「WWDビューティ」10月3日号ではフレグランスを特集しました。これまで2013年以降、10月1日の「フレグランスの日」に前後して、毎年1回フレグランス特集を行っており、ラグジュアリーブランドを中心にその動向を追ってきました。今年は、フレグランスの輸入・販売を行う専門商社、メーカー、小売りを横断して商況を取材。これまでの百貨店チャネルだけではなく、バラエティーショップやドラッグストアまでを対象に、広く“香り”市場の現状を探りました。

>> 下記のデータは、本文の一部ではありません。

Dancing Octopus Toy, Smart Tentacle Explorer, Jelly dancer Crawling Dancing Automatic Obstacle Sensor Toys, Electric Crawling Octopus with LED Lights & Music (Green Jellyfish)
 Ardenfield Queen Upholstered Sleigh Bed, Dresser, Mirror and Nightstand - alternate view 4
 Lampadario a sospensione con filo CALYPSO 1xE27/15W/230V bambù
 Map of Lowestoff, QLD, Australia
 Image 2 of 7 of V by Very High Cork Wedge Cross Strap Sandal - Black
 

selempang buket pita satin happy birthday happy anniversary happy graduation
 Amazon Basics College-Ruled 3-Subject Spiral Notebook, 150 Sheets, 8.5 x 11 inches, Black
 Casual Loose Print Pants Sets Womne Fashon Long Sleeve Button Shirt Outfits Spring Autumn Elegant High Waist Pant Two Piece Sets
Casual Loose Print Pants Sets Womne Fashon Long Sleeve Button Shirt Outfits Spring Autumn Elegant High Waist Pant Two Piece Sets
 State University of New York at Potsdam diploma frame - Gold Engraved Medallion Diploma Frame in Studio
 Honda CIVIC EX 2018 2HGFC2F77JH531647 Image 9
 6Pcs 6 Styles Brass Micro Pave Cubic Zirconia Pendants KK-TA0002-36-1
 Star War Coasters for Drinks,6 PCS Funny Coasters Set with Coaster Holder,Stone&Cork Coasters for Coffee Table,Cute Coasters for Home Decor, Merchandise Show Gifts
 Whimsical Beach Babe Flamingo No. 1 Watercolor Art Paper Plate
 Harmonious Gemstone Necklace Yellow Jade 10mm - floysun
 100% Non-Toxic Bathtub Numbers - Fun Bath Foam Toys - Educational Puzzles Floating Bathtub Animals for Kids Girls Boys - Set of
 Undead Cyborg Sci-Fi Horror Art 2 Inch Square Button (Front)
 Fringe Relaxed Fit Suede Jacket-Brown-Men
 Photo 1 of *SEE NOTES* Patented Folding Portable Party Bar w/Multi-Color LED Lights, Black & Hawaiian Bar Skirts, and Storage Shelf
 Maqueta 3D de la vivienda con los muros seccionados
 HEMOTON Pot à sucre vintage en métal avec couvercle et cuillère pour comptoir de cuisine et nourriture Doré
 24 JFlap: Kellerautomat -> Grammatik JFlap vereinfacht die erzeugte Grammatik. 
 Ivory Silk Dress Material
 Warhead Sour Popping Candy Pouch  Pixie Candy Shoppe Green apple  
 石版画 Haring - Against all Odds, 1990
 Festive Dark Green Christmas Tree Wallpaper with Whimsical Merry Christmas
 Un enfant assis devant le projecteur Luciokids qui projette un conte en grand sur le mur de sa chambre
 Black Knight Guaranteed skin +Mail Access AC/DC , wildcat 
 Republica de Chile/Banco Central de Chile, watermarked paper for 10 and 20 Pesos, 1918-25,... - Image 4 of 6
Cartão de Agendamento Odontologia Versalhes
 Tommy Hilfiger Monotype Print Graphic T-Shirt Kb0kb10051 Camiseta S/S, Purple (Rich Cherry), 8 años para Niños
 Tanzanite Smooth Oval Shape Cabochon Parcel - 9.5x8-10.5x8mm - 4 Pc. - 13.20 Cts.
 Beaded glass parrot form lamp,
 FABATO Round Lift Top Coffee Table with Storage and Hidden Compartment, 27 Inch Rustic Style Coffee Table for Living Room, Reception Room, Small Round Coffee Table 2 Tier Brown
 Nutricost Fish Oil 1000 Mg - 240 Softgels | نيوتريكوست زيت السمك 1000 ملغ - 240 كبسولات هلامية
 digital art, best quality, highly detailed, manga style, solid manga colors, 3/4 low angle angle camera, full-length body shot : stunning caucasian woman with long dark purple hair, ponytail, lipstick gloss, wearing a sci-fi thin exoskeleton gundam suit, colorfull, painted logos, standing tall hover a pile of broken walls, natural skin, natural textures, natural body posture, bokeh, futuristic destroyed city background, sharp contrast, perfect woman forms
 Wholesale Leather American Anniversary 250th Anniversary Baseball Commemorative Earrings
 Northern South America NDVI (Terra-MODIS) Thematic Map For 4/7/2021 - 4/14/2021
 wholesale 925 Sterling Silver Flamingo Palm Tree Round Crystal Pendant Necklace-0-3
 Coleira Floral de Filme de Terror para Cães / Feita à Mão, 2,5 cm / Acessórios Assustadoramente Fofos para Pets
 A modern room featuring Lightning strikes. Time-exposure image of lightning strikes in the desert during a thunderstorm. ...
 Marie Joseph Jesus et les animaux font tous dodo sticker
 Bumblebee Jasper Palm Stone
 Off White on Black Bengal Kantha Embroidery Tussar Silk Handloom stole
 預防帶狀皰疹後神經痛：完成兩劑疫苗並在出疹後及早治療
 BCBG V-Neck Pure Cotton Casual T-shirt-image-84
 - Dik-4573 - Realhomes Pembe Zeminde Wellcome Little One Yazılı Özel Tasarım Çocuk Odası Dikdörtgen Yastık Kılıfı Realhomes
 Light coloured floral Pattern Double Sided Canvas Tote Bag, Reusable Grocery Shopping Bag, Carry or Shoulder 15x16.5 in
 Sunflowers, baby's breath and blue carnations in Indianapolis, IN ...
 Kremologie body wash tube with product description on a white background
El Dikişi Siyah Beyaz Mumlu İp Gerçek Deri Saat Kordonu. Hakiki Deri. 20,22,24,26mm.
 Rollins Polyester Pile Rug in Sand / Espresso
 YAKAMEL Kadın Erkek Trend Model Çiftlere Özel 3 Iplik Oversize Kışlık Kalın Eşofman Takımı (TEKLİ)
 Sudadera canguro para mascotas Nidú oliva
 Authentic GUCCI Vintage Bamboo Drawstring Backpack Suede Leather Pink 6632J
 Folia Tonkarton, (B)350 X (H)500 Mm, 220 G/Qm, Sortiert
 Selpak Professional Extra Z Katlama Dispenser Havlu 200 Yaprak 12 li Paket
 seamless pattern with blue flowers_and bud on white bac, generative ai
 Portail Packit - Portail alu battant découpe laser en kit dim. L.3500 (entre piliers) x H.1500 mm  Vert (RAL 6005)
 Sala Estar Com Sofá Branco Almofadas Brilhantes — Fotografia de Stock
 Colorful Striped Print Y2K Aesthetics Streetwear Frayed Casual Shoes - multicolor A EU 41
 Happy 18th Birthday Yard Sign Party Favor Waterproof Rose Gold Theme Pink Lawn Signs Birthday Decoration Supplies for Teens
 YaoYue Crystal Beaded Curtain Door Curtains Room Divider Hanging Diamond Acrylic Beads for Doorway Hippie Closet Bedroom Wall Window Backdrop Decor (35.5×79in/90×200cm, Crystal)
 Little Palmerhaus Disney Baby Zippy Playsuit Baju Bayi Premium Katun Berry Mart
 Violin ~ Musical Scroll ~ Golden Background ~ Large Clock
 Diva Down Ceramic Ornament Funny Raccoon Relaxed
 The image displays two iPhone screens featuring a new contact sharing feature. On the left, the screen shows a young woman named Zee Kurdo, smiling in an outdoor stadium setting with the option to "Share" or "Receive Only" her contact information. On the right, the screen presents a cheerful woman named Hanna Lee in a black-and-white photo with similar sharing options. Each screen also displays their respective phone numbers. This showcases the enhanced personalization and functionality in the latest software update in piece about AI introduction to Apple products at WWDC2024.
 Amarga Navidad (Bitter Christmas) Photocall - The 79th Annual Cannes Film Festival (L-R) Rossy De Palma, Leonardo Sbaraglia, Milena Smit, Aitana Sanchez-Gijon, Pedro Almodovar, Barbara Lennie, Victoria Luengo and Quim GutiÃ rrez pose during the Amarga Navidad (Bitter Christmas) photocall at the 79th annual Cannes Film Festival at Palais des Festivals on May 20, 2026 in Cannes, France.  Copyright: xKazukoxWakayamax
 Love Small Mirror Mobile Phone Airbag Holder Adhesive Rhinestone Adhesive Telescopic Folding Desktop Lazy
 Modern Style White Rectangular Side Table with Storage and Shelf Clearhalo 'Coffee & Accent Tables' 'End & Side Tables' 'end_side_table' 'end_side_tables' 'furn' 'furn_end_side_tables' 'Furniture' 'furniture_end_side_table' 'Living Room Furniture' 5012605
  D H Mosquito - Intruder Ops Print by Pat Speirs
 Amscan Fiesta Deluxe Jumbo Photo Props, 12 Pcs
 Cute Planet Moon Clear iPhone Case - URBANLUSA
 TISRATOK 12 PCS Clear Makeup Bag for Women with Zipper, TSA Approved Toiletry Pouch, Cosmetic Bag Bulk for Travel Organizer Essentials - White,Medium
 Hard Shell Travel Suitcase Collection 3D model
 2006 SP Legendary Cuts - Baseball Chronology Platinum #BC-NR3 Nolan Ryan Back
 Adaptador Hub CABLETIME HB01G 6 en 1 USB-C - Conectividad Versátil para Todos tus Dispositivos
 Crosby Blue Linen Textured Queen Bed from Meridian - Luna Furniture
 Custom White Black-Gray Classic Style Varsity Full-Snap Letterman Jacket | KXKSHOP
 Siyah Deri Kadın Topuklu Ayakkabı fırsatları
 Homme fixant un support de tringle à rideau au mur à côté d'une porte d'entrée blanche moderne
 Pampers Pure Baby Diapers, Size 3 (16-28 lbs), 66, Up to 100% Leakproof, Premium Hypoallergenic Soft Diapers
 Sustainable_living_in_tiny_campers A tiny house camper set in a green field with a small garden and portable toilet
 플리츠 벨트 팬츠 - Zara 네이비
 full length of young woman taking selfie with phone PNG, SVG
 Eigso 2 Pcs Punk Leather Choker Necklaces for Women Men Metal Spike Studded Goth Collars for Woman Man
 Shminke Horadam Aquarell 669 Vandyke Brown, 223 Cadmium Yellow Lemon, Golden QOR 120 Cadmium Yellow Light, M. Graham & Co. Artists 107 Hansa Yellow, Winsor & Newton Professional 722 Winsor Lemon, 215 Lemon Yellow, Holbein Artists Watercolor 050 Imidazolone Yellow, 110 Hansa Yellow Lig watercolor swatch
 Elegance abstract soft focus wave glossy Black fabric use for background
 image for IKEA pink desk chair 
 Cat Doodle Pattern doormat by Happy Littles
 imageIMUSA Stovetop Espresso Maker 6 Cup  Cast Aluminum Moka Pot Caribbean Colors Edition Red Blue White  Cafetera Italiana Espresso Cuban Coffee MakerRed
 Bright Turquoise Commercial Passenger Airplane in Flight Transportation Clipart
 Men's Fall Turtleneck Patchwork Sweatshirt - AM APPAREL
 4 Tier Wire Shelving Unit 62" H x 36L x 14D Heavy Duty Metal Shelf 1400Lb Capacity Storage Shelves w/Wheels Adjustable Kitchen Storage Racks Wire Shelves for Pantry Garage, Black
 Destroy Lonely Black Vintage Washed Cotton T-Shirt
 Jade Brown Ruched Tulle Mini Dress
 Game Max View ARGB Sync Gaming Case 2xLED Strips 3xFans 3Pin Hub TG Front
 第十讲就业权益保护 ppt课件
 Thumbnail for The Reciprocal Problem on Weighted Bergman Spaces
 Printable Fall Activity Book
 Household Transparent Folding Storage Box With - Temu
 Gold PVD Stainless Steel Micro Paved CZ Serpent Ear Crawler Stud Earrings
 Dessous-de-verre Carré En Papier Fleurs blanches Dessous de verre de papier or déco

矢野経済研究所の「化粧品市場に関する調査(2018年)」によると、17年度の国内化粧品市場は前年比3%増の2兆5450億円で、そのうちフレグランスの構成比は1.2%の303億円だったといいます。これは前年比2ケタ伸長を示す数字で、ここ数年の化粧品市場全体の成長率3~4%を大きく上回っています。
フレグランス製品の品目が増加し裾野が広がる
今回の取材を通して小売りバイヤーが一様に指摘していたのは、フレグランス関連の品目が増えたことが購入層の裾野を広げているという点です。柔軟剤の香り提案をきっかけに香りへの抵抗感が薄れた結果、ディフューザーやルームスプレー、キャンドルなどのインテリアフレグランスから、ヘアミストやボディーミストなどのボディーケアまで香りをうたった商品が増え、エントリー層も手に取りやすく、新客の取り込みにつながっているようです。また、最近はビューティでもファッションでもライフスタイルを切り口にしたブランド展開や訴求が増え、そうしたブランドにとっても香りを使った提案は欠かせないものになっており、消費者が香りに触れる機会は格段に増えています。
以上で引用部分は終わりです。